== The problem ==
Please repeat the whole listing exactly, but leave the pictures out.
(Data begins)
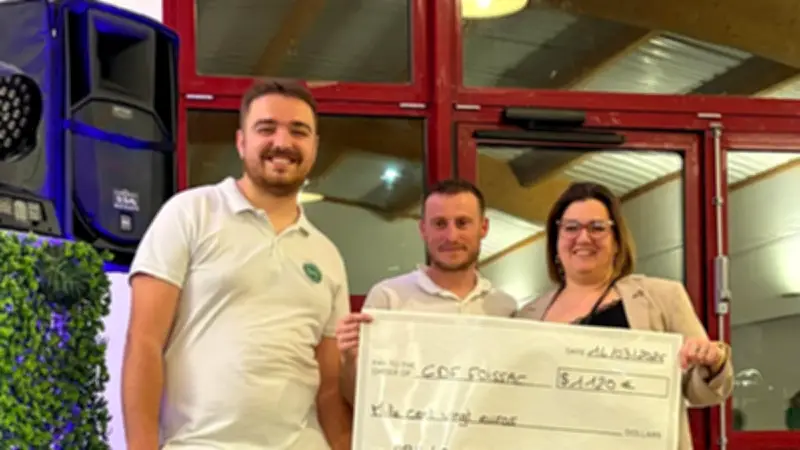 Soirée aligot réussie à Foissac : un chèque pour l'APE et une salle comble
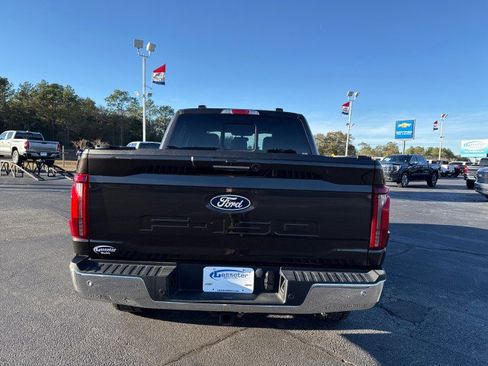 Used 2024 Ford F150 Lariat w/ FX4 Off-Road Package image 3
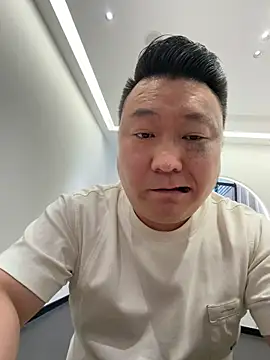 langzi-888's Live XXX Chat
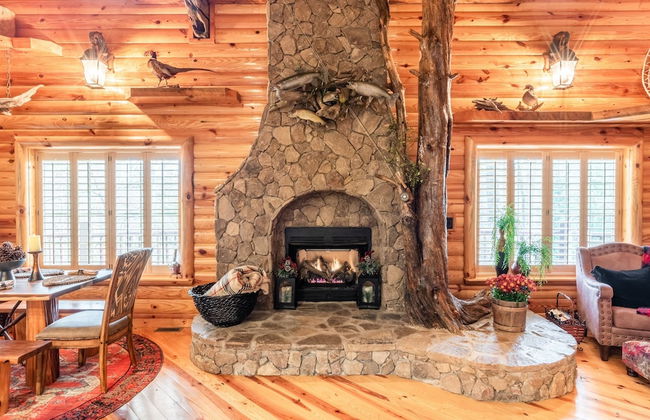 Iron Mountain Lodge 3 Bedroom Cabin by RedAwning - Photo 31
(Data ends)
== Worked solution ==
 Soirée aligot réussie à Foissac : un chèque pour l'APE et une salle comble
 Used 2024 Ford F150 Lariat w/ FX4 Off-Road Package image 3
 langzi-888's Live XXX Chat
 Iron Mountain Lodge 3 Bedroom Cabin by RedAwning - Photo 31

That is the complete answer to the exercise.